Undeterred, Sonny decided to start over with a more in-depth build and proceeded to sandblast the car down to bare metal. This time, the car was constructed over a period of three years, with Sonny doing all the work himself.
I would classify this custom as being more on the wild side of traditional style. It's heavily dechromed and shaved… in this photo you can also see the frenched headlights, appleton spotlights and the peaked hood.
Chopping a fastback coupe is probably one of the most difficult operations of this type…
… as the whole line of the fastback has to be sunken down into the car. It's no joke.
In the end, the top has been chopped a full 4 inches. You can also see how an extra layer of metal has been added to the hood to create a secondary panel line.
The rear fenders have been widened and extended to complete the tail-dragger look.
Like a lot of modern street customs, Sonny's has a full air ride system, along with custom suspension, "Z"ed rear frame kickups and a raised drivetrain to help keep the car riding low in comfort.
Sonny was a little hesitant to show us the engine bay as it's not really that aesthetic, but we wanted to show you what the drive train of a REAL street custom looks like.
A couple of years ago, he took the decision to put a modern crate motor and drive train into the Buick. Sonny wanted the Buick to run more reliably and remove the question of "will it run" each time he went to drive the car.

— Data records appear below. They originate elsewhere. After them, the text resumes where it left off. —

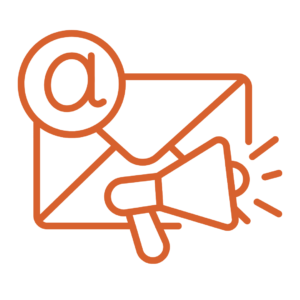 orange icon on email envelope with megaphone and at symbol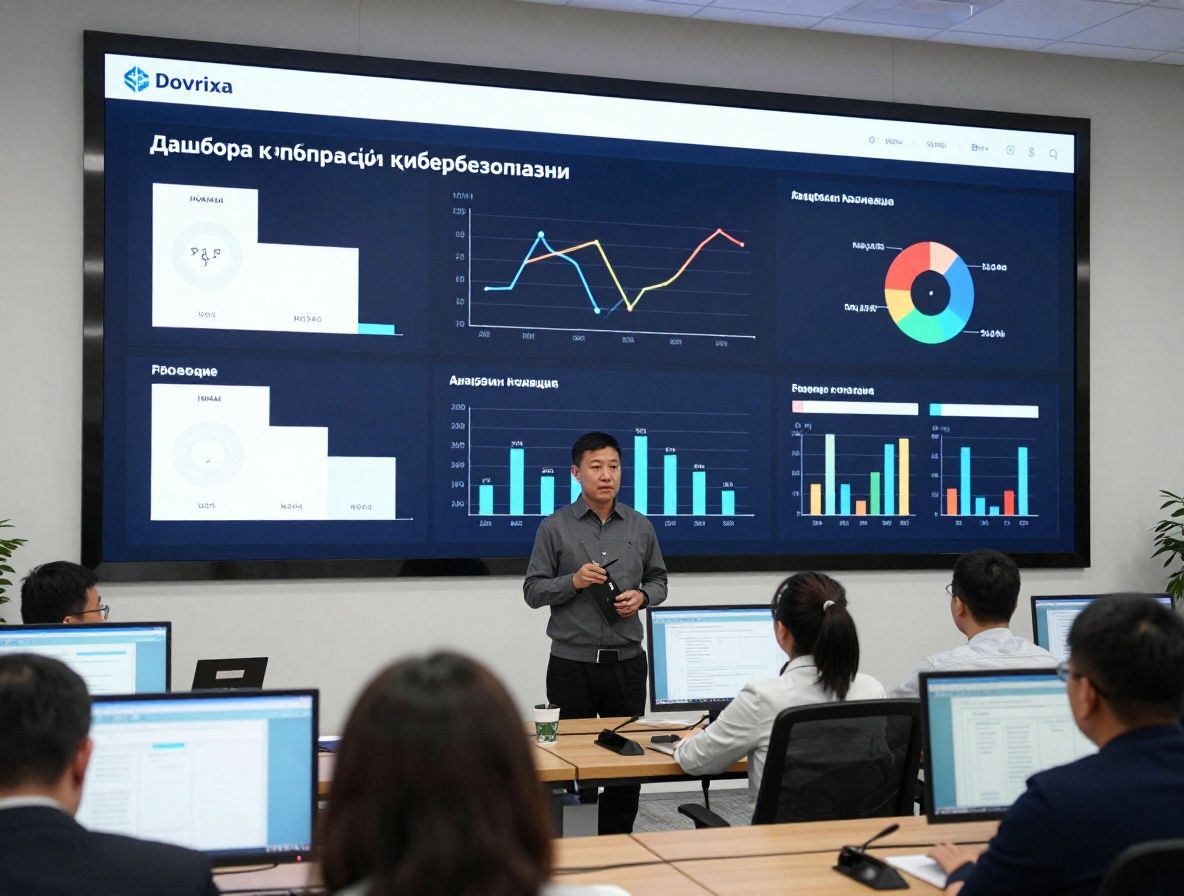 Современный офис редакции Dovrixa в Астане с большими экранами, отображающими аналитические дашборды по кибербезопасности, за которыми работают специалисты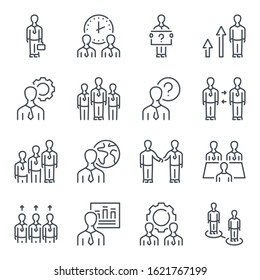 Teamwork and Business people related line icon set. Team meeting and appointment linear icons. Business management outline vector sign collection.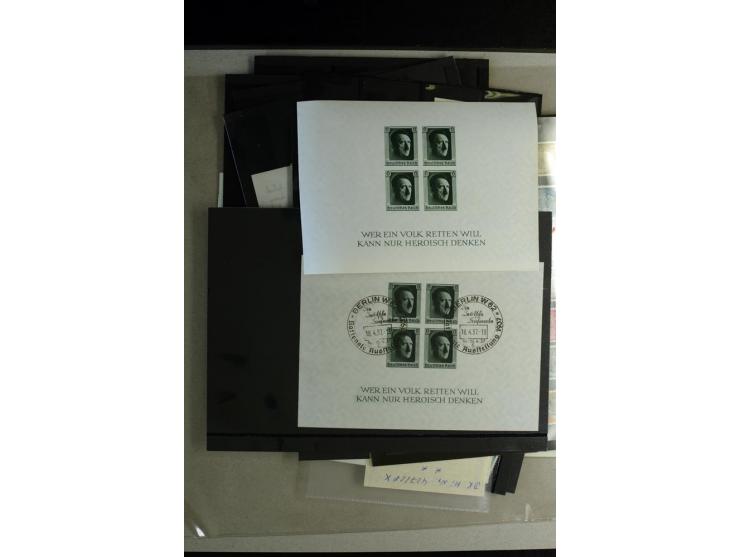 1880/1945, postfrische, ungebrauchte und etwas gestempelte Partie mit guten postfrischen Werten und Sätzen, Bl.2 (Mängel im R
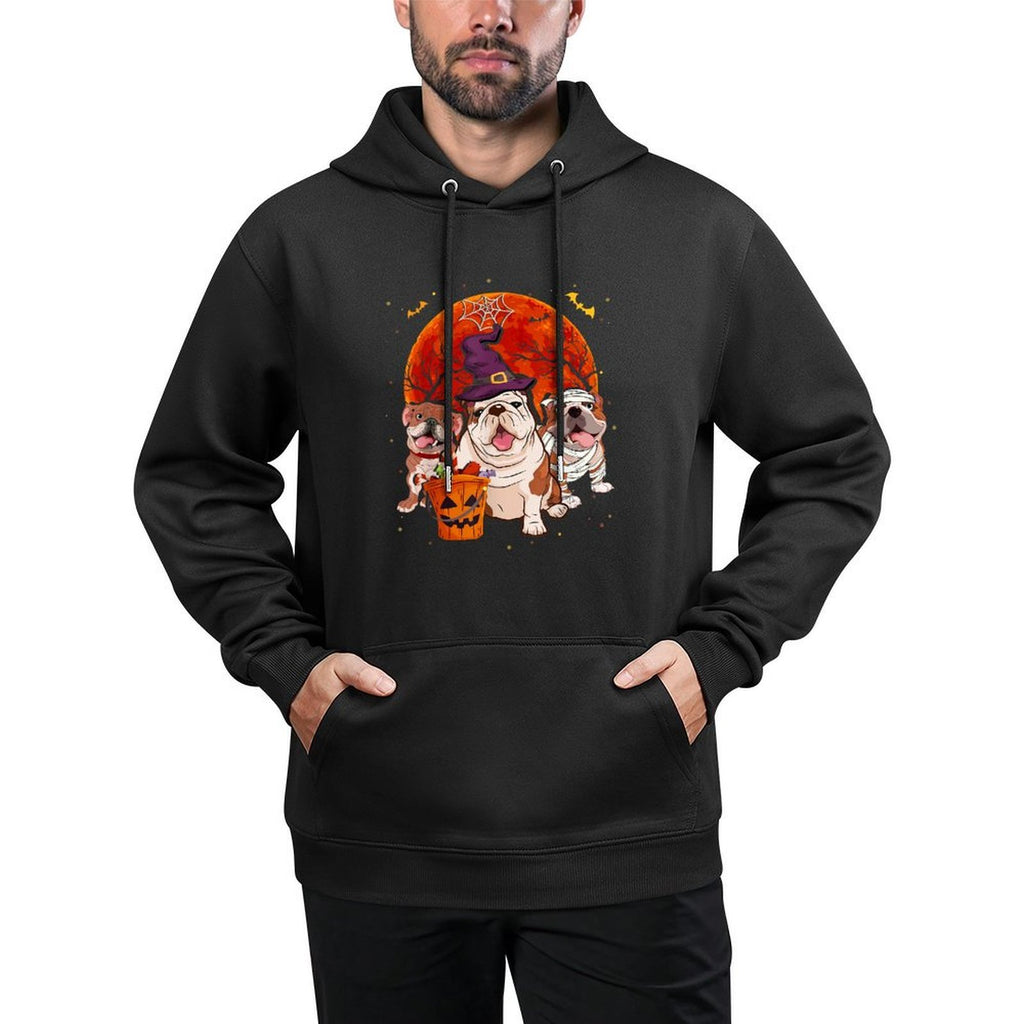 Funny English Bulldog Halloween Costume Dog Lover Gift for Men Women Kids All-Day Comfort Hoodie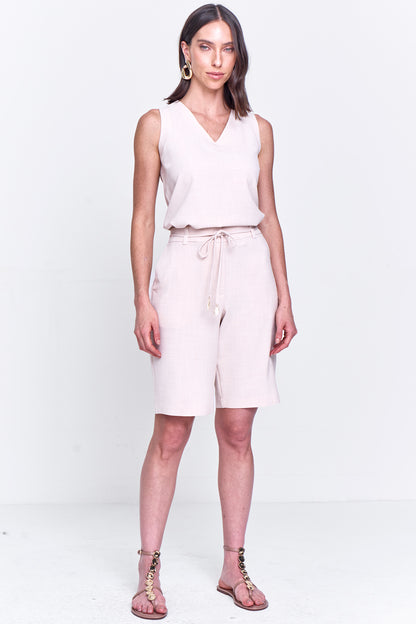 BLUSA ALFAITARIA TEXTURIZADA DECOTE V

Here are a couple shots of Courtney Day… She's a former Falken Girl who is now moving in the direction of pin-up girl.
She has fantastic classic looks… perfect for a photoshoot inside a custom machine!
Here's a shot of the dashboard…. I didn't get a chance to ask Sonny what he was thinking here…
So that's it for my write up on this super styled 1949 Buick.
Personally speaking, I'd absolutely love to be in possession of such a vehicle.
But even if I owned this car, I would never have the same relationship with it as Sonny Vazquez. Each time he looks at or drives this car, he knows inside that he has created this machine on his own, by himself.
And, unfortunately for me, I seriously doubt I'll ever know that feeling. I'm too busy shooting cars, developing automotive media projects and working on racing video games to consider my own ground-up automotive project. Perhaps one day that will change, but for now all I can do is tip my hat to people like Sonny who have the skills and vision to create their own moving sculptures.